On 12/11/2024 21:21, Eduard Zingerman wrote:
On Fri, 2024-11-08 at 16:41 -0800, Vadim Fedorenko wrote:
New kfunc to return ARCH-specific timecounter. For x86 BPF JIT converts
it into rdtsc ordered call. Other architectures will get JIT
implementation too if supported. The fallback is to
__arch_get_hw_counter().
Signed-off-by: Vadim Fedorenko <vadfed@xxxxxxxx>
---
Aside from a note below, I think this patch is in good shape.

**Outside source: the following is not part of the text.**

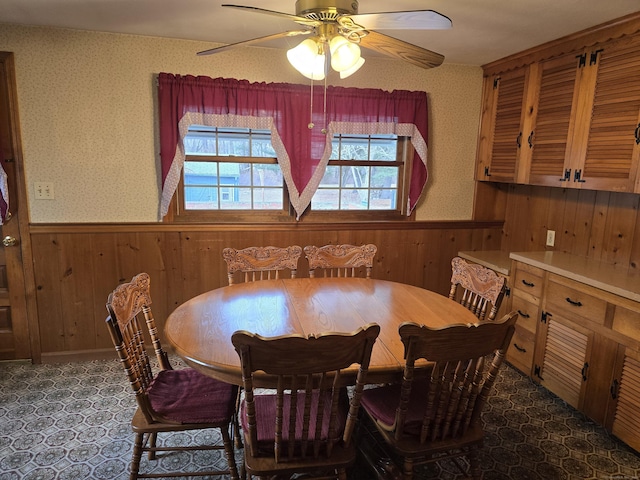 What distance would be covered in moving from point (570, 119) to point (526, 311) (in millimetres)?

Acked-by: Eduard Zingerman <eddyz87@xxxxxxxxx>
[...]
diff --git a/arch/x86/net/bpf_jit_comp.c b/arch/x86/net/bpf_jit_comp.c
index 06b080b61aa5..4f78ed93ee7f 100644
--- a/arch/x86/net/bpf_jit_comp.c
+++ b/arch/x86/net/bpf_jit_comp.c
@@ -2126,6 +2126,26 @@ st: if (is_imm8(insn->off))
case BPF_JMP | BPF_CALL: {
u8 *ip = image + addrs[i - 1];
+ if (insn->src_reg == BPF_PSEUDO_KFUNC_CALL &&
+ imm32 == BPF_CALL_IMM(bpf_get_cpu_cycles)) {
+ /* Save RDX because RDTSC will use EDX:EAX to return u64 */
+ emit_mov_reg(&prog, true, AUX_REG, BPF_REG_3);
+ if (boot_cpu_has(X86_FEATURE_LFENCE_RDTSC))
+ EMIT_LFENCE();
+ EMIT2(0x0F, 0x31);
+
+ /* shl RDX, 32 */
+ maybe_emit_1mod(&prog, BPF_REG_3, true);
+ EMIT3(0xC1, add_1reg(0xE0, BPF_REG_3), 32);
+ /* or RAX, RDX */
+ maybe_emit_mod(&prog, BPF_REG_0, BPF_REG_3, true);
+ EMIT2(0x09, add_2reg(0xC0, BPF_REG_0, BPF_REG_3));
+ /* restore RDX from R11 */
+ emit_mov_reg(&prog, true, BPF_REG_3, AUX_REG);
Note: The default implementation of this kfunc uses __arch_get_hw_counter(),
which is implemented as `(u64)rdtsc_ordered() & S64_MAX`.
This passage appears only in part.